RE: Translated IUC10 Web pages: Experimental Results

From: Martin J. Duerst (mduerst@ifi.unizh.ch)
Date: Thu Feb 06 1997 - 06:15:13 EST

Next message: Murray Sargent: "RE: Translated IUC10 Web pages: Experimental Results"
Previous message: Chris Wendt: "FW: Unicode Web pages"
In reply to: Murray Sargent: "RE: Translated IUC10 Web pages: Experimental Results"
Next in thread: David Goldsmith: "RE: Translated IUC10 Web pages: Experimental Results"
Messages sorted by: [ date ] [ thread ] [ subject ] [ author ] [ attachment ]
Mail actions: [ respond to this message ] [ mail a new topic ]

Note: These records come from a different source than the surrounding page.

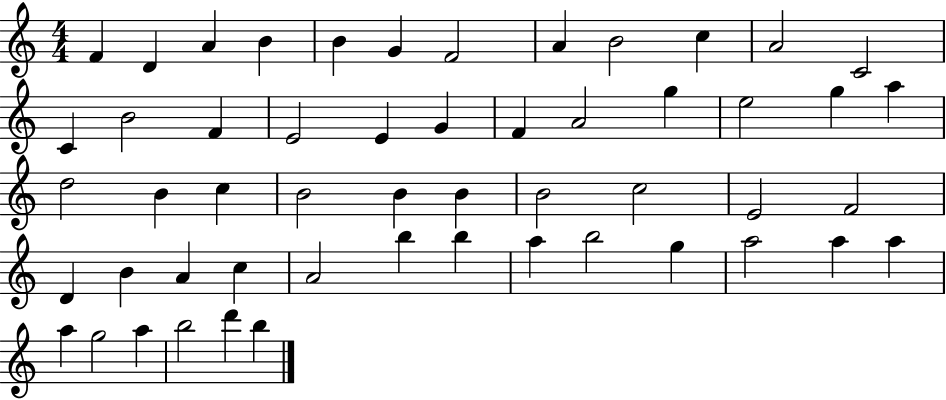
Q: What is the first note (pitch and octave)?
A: F4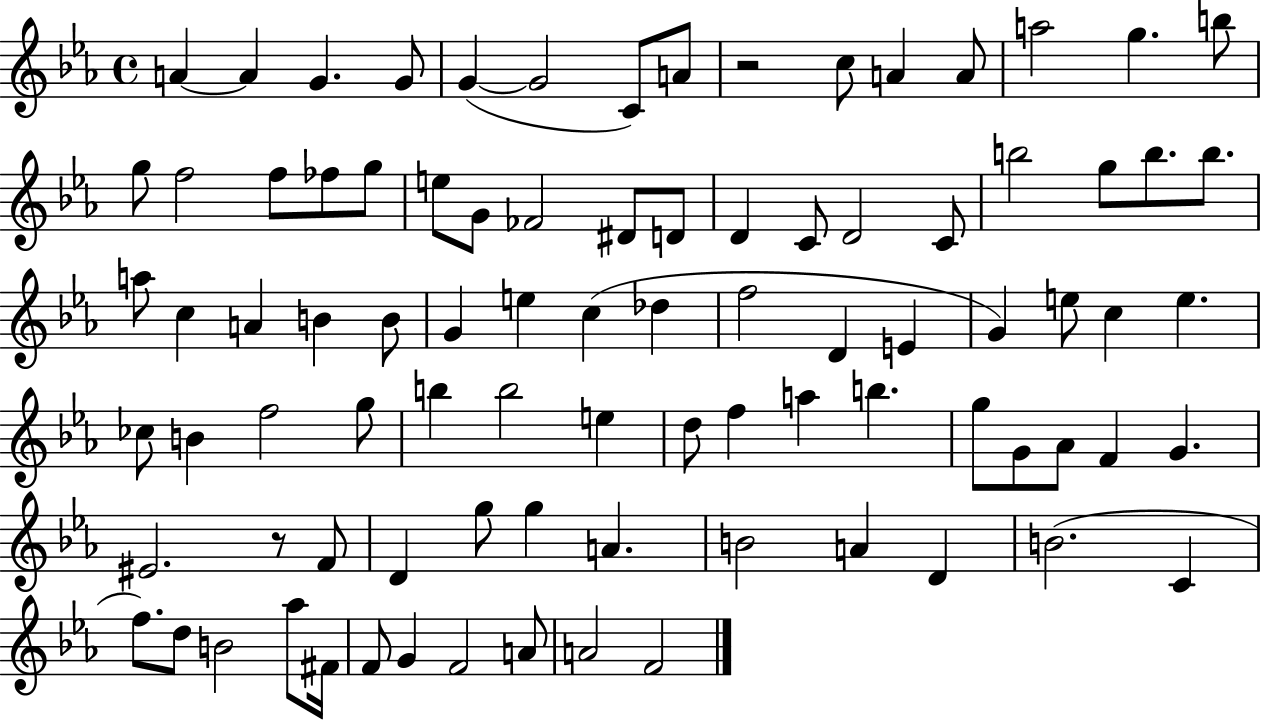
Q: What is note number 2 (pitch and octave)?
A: A4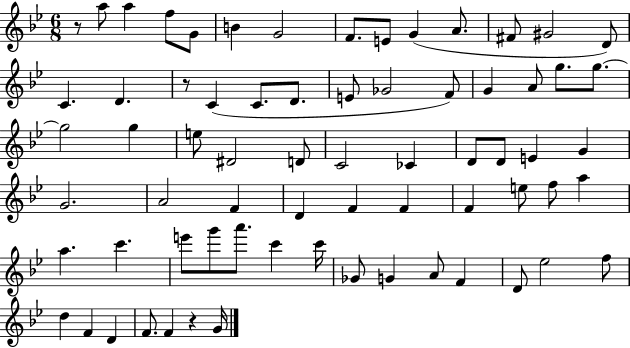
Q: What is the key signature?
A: BES major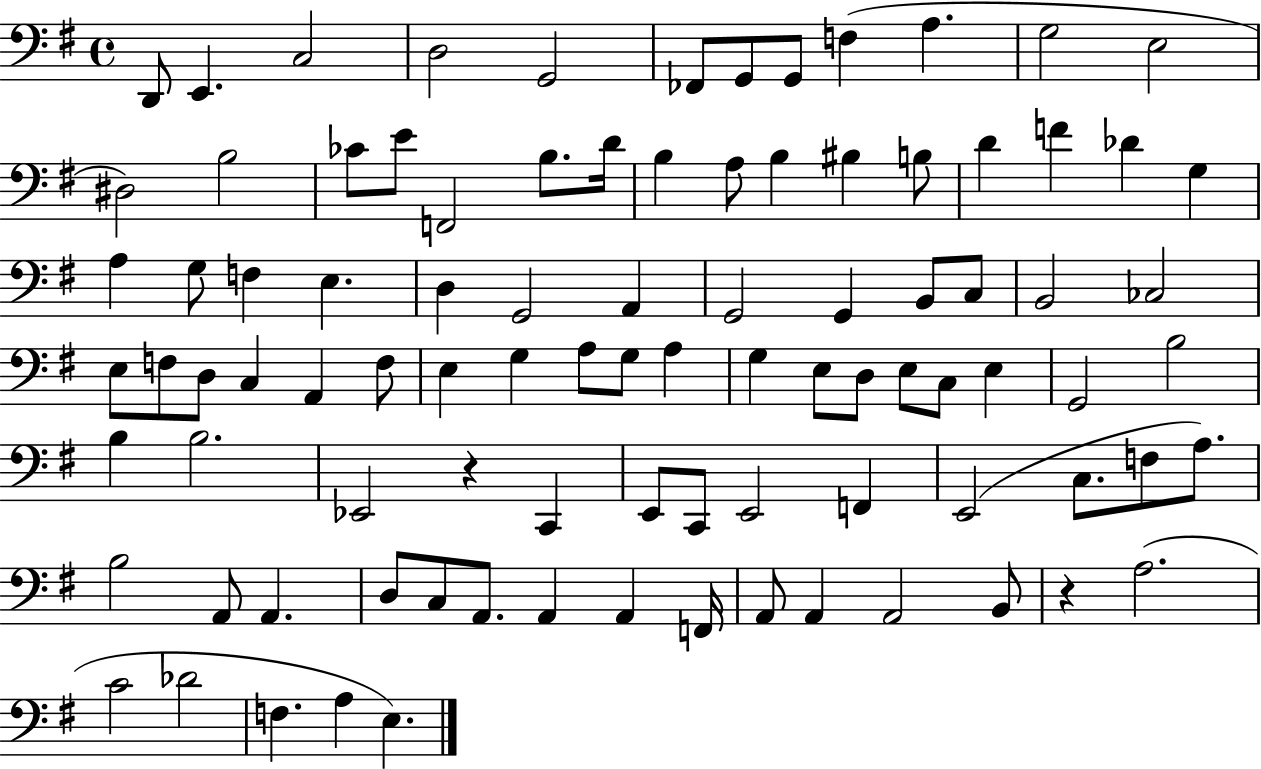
D2/e E2/q. C3/h D3/h G2/h FES2/e G2/e G2/e F3/q A3/q. G3/h E3/h D#3/h B3/h CES4/e E4/e F2/h B3/e. D4/s B3/q A3/e B3/q BIS3/q B3/e D4/q F4/q Db4/q G3/q A3/q G3/e F3/q E3/q. D3/q G2/h A2/q G2/h G2/q B2/e C3/e B2/h CES3/h E3/e F3/e D3/e C3/q A2/q F3/e E3/q G3/q A3/e G3/e A3/q G3/q E3/e D3/e E3/e C3/e E3/q G2/h B3/h B3/q B3/h. Eb2/h R/q C2/q E2/e C2/e E2/h F2/q E2/h C3/e. F3/e A3/e. B3/h A2/e A2/q. D3/e C3/e A2/e. A2/q A2/q F2/s A2/e A2/q A2/h B2/e R/q A3/h. C4/h Db4/h F3/q. A3/q E3/q.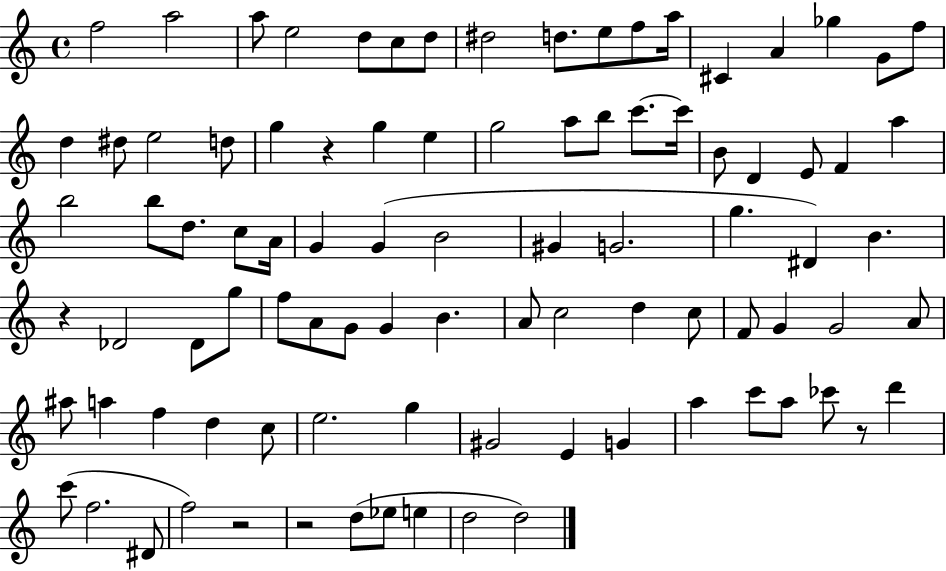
F5/h A5/h A5/e E5/h D5/e C5/e D5/e D#5/h D5/e. E5/e F5/e A5/s C#4/q A4/q Gb5/q G4/e F5/e D5/q D#5/e E5/h D5/e G5/q R/q G5/q E5/q G5/h A5/e B5/e C6/e. C6/s B4/e D4/q E4/e F4/q A5/q B5/h B5/e D5/e. C5/e A4/s G4/q G4/q B4/h G#4/q G4/h. G5/q. D#4/q B4/q. R/q Db4/h Db4/e G5/e F5/e A4/e G4/e G4/q B4/q. A4/e C5/h D5/q C5/e F4/e G4/q G4/h A4/e A#5/e A5/q F5/q D5/q C5/e E5/h. G5/q G#4/h E4/q G4/q A5/q C6/e A5/e CES6/e R/e D6/q C6/e F5/h. D#4/e F5/h R/h R/h D5/e Eb5/e E5/q D5/h D5/h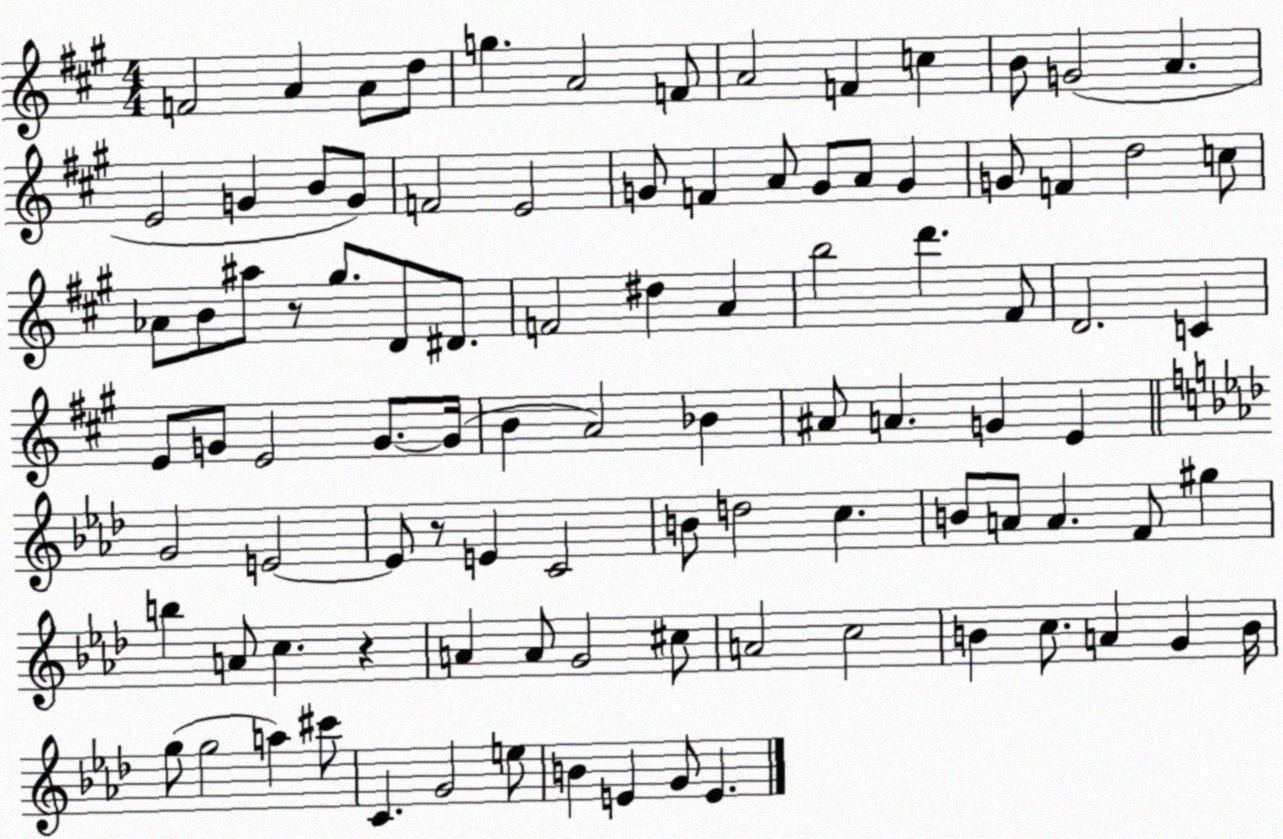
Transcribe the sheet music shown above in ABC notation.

X:1
T:Untitled
M:4/4
L:1/4
K:A
F2 A A/2 d/2 g A2 F/2 A2 F c B/2 G2 A E2 G B/2 G/2 F2 E2 G/2 F A/2 G/2 A/2 G G/2 F d2 c/2 _A/2 B/2 ^a/2 z/2 ^g/2 D/2 ^D/2 F2 ^d A b2 d' ^F/2 D2 C E/2 G/2 E2 G/2 G/4 B A2 _B ^A/2 A G E G2 E2 E/2 z/2 E C2 B/2 d2 c B/2 A/2 A F/2 ^g b A/2 c z A A/2 G2 ^c/2 A2 c2 B c/2 A G B/4 g/2 g2 a ^c'/2 C G2 e/2 B E G/2 E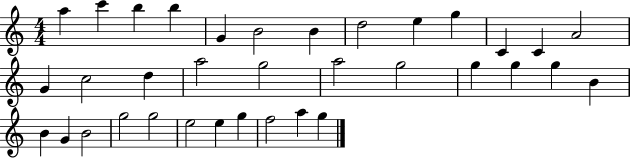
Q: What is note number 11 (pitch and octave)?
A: C4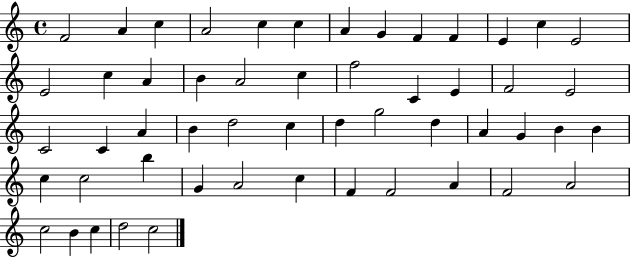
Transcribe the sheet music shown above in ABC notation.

X:1
T:Untitled
M:4/4
L:1/4
K:C
F2 A c A2 c c A G F F E c E2 E2 c A B A2 c f2 C E F2 E2 C2 C A B d2 c d g2 d A G B B c c2 b G A2 c F F2 A F2 A2 c2 B c d2 c2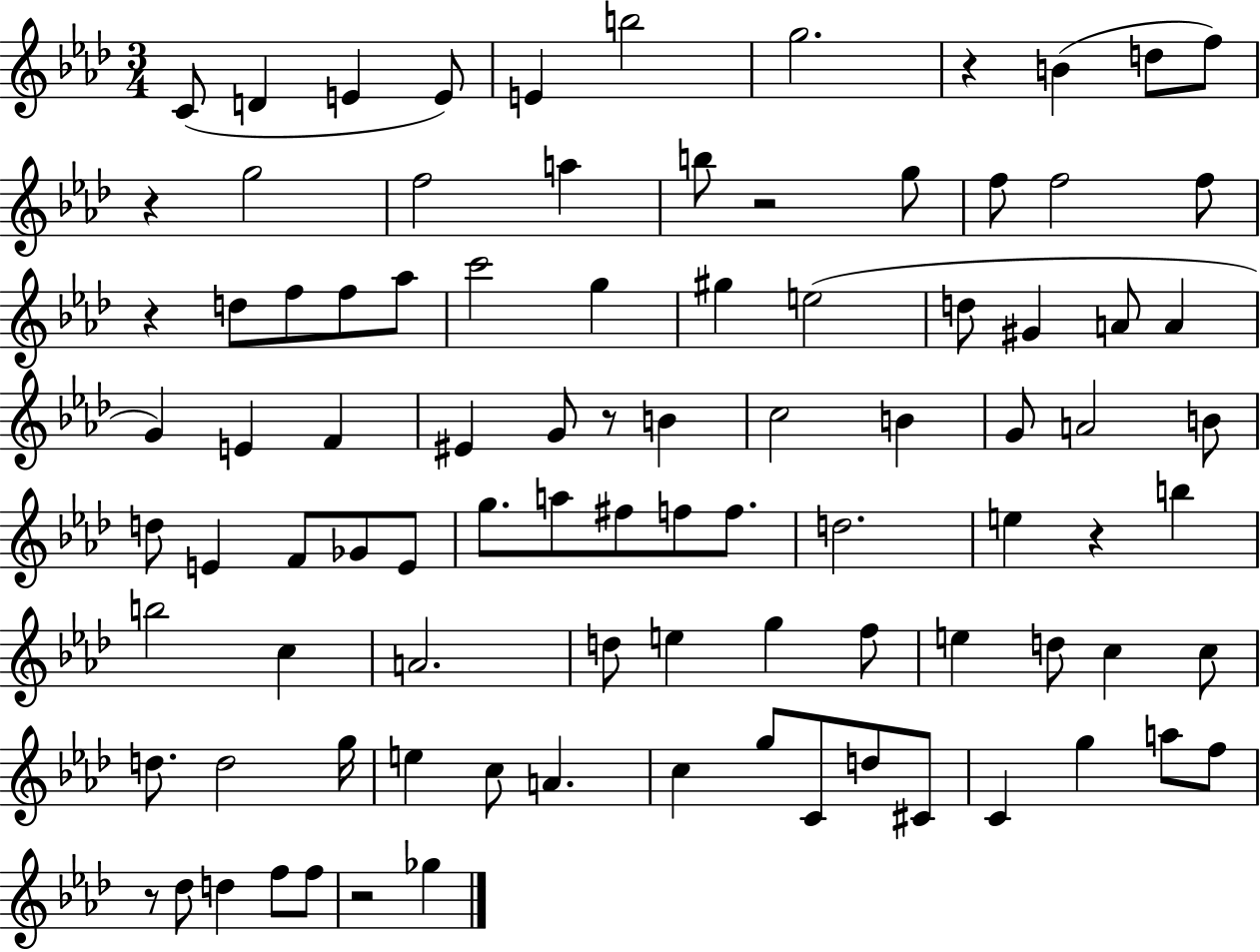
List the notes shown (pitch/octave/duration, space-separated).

C4/e D4/q E4/q E4/e E4/q B5/h G5/h. R/q B4/q D5/e F5/e R/q G5/h F5/h A5/q B5/e R/h G5/e F5/e F5/h F5/e R/q D5/e F5/e F5/e Ab5/e C6/h G5/q G#5/q E5/h D5/e G#4/q A4/e A4/q G4/q E4/q F4/q EIS4/q G4/e R/e B4/q C5/h B4/q G4/e A4/h B4/e D5/e E4/q F4/e Gb4/e E4/e G5/e. A5/e F#5/e F5/e F5/e. D5/h. E5/q R/q B5/q B5/h C5/q A4/h. D5/e E5/q G5/q F5/e E5/q D5/e C5/q C5/e D5/e. D5/h G5/s E5/q C5/e A4/q. C5/q G5/e C4/e D5/e C#4/e C4/q G5/q A5/e F5/e R/e Db5/e D5/q F5/e F5/e R/h Gb5/q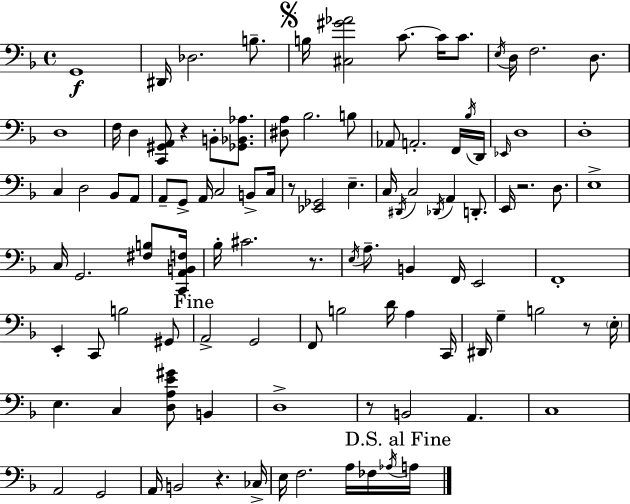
X:1
T:Untitled
M:4/4
L:1/4
K:Dm
G,,4 ^D,,/4 _D,2 B,/2 B,/4 [^C,^G_A]2 C/2 C/4 C/2 E,/4 D,/4 F,2 D,/2 D,4 F,/4 D, [C,,^G,,A,,]/2 z B,,/2 [_G,,_B,,_A,]/2 [^D,A,]/2 _B,2 B,/2 _A,,/2 A,,2 F,,/4 _B,/4 D,,/4 _E,,/4 D,4 D,4 C, D,2 _B,,/2 A,,/2 A,,/2 G,,/2 A,,/4 C,2 B,,/2 C,/4 z/2 [_E,,_G,,]2 E, C,/4 ^D,,/4 C,2 _D,,/4 A,, D,,/2 E,,/4 z2 D,/2 E,4 C,/4 G,,2 [^F,B,]/2 [C,,A,,B,,F,]/4 _B,/4 ^C2 z/2 E,/4 A,/2 B,, F,,/4 E,,2 F,,4 E,, C,,/2 B,2 ^G,,/2 A,,2 G,,2 F,,/2 B,2 D/4 A, C,,/4 ^D,,/4 G, B,2 z/2 E,/4 E, C, [D,A,E^G]/2 B,, D,4 z/2 B,,2 A,, C,4 A,,2 G,,2 A,,/4 B,,2 z _C,/4 E,/4 F,2 A,/4 _F,/4 _A,/4 A,/4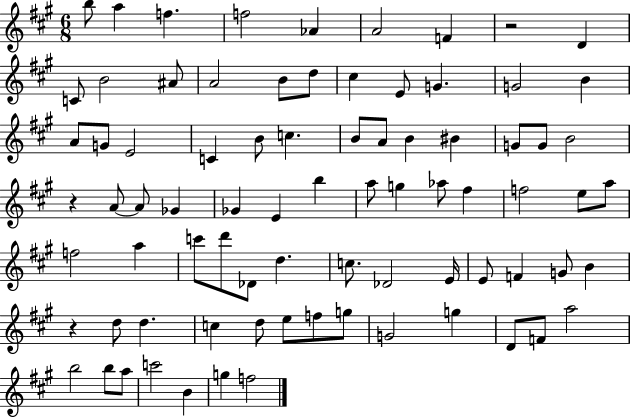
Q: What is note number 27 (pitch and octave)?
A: A4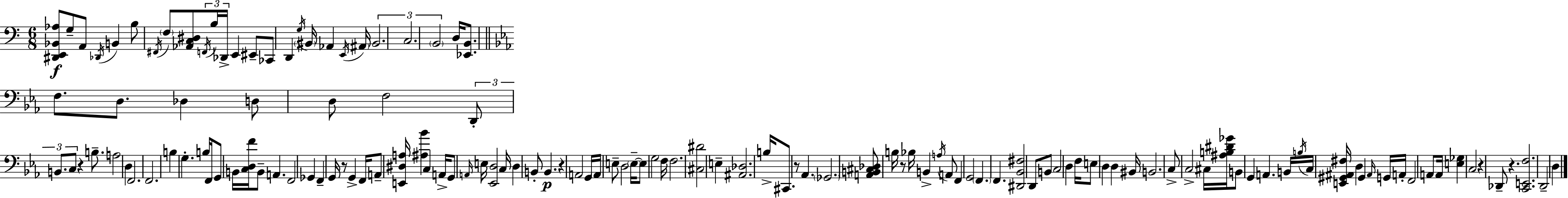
X:1
T:Untitled
M:6/8
L:1/4
K:C
[^D,,E,,_B,,_A,]/2 G,/2 A,,/2 _D,,/4 B,, B,/2 ^F,,/4 F,/2 [_A,,C,^D,]/2 F,,/4 B,/4 _D,,/4 E,, ^E,,/2 _C,,/2 D,, G,/4 ^B,,/4 _A,, E,,/4 ^A,,/4 ^B,,2 C,2 B,,2 D,/4 [_E,,B,,]/2 F,/2 D,/2 _D, D,/2 D,/2 F,2 D,,/2 B,,/2 C,/2 z B,/2 A,2 D, F,,2 F,,2 B, G, B,/4 F,,/4 G,,/2 B,,/4 [C,D,F]/4 B,,/2 A,, F,,2 _G,, F,, G,,/4 z/2 G,, F,,/4 A,,/2 [E,,^D,A,]/4 [^A,_B] C, A,,/4 G,,/2 A,,/4 E,/4 [_E,,D,]2 C,/4 D, B,,/2 B,, z A,,2 G,,/4 A,,/4 E,/2 D,2 E,/4 E,/2 G,2 F,/4 F,2 [^C,^D]2 E, [^A,,_D,]2 B,/4 ^C,,/2 z/2 _A,, _G,,2 [A,,B,,^C,_D,]/2 B,/4 z/2 _B,/4 B,, A,/4 A,,/2 F,, G,,2 F,, F,, [^D,,_B,,^F,]2 D,,/2 B,,/2 C,2 D, F,/4 E,/2 D, D, ^B,,/4 B,,2 C,/2 C,2 ^C,/4 [^A,B,^D_G]/4 B,,/2 G,, A,, B,,/4 B,/4 C,/4 [E,,^G,,^A,,^F,]/4 D, ^G,, ^A,,/4 G,,/4 A,,/4 F,,2 A,,/2 A,,/4 [E,_G,] C,2 z _D,,/2 z [C,,E,,F,]2 D,,2 D,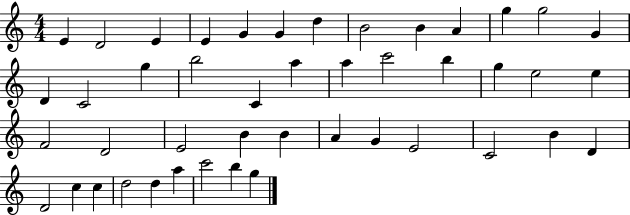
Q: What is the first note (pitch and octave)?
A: E4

On Wed, 5 Feb 1997, Murray Sargent wrote:

> I believe the default for UCS2 is big endian, which is amusing since 95%
> of the world's computers are little endian. Evidently the majority
> doesn't always rule.

It's not too difficult to understand. Big-endian is the natural
way to do things. Just look at the way we write down numbers.
Little-endian was introduced at some time because of certain
hardware constraints and quirks that are not relevant anymore.
The fact that currently little-endian PCs are a majority
(whereas the majority is probably not as clear for little-endian
chips in general) is, on a certain timescale, a short-term
historical quirk. Although this might seem irrelevant from
a day-to-day viewpoint, preferring big endian will avoid
that e.g. in 2050, when students are told about Unicode, they
have to be told: Well, you know, Unicode is always the wrong
way around because in the 1980/90, there was a time where for
certain hardware reasons, that was more efficient on what
was then the majority of PCs. Unicode is designed for long-term
use, much longer than processors and operating systems.

But that's just for background. What is important is what the
standard says.

> Does someone know where The Unicode Standard
> defines UCS2 to be big endian?

The relevant statements can be found on page 3-1 of Unicode 2.0.
C3 says that "A process shall interpret a Unicode value that has been
serialized into a sequence of bytes, by most significant byte first,
in the absence of higher-level protocols."

The byte order mark can obviously be seen as a kind of higher-level
protocol. Other information, such as finding the data in an
application format or in a Windows Clipboard, can also constitute
such a higher-level protocol (if it is clearly specified).

The fact that a file appears on a web site, on the other hand,
definitely does not consist such a higher-level protocol. So
all widely available plaintext files have to either start with
a BOM or be big-endian.

> Windows NT has a lot of code that assumes little endian order. I don't
> think there are any big-endian builds of NT.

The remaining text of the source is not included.